(Task description) Transcribe the listing exactly as written. Leave the images out.

........

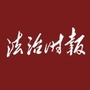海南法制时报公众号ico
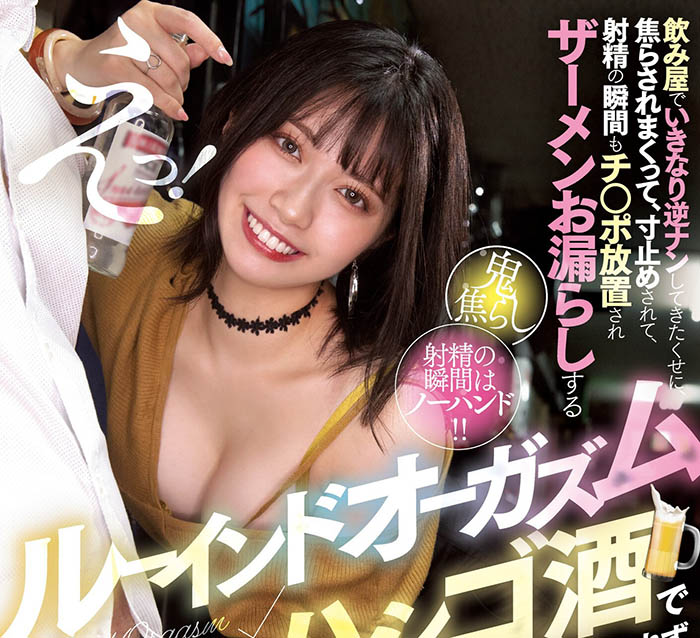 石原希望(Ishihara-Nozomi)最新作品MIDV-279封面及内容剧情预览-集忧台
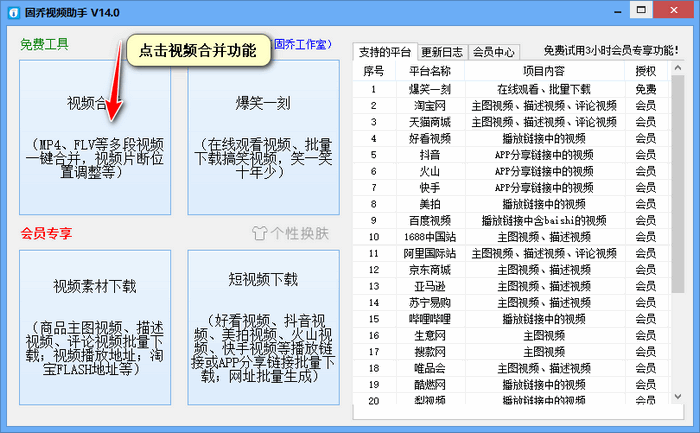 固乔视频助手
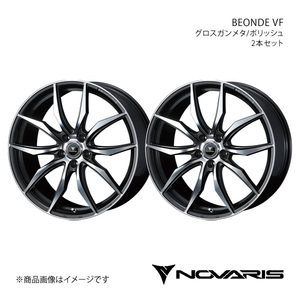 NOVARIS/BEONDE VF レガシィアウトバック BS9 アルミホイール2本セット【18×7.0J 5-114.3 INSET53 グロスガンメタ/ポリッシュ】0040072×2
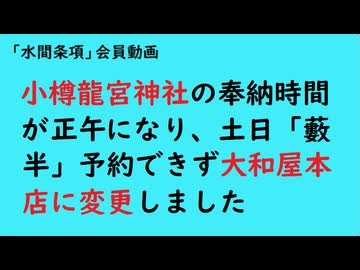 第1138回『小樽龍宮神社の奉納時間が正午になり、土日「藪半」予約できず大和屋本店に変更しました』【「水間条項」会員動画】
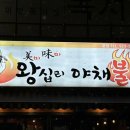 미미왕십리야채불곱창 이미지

........

(Written reply)
海南法制时报公众号ico
 石原希望(Ishihara-Nozomi)最新作品MIDV-279封面及内容剧情预览-集忧台
 固乔视频助手
 NOVARIS/BEONDE VF レガシィアウトバック BS9 アルミホイール2本セット【18×7.0J 5-114.3 INSET53 グロスガンメタ/ポリッシュ】0040072×2
 第1138回『小樽龍宮神社の奉納時間が正午になり、土日「藪半」予約できず大和屋本店に変更しました』【「水間条項」会員動画】
 미미왕십리야채불곱창 이미지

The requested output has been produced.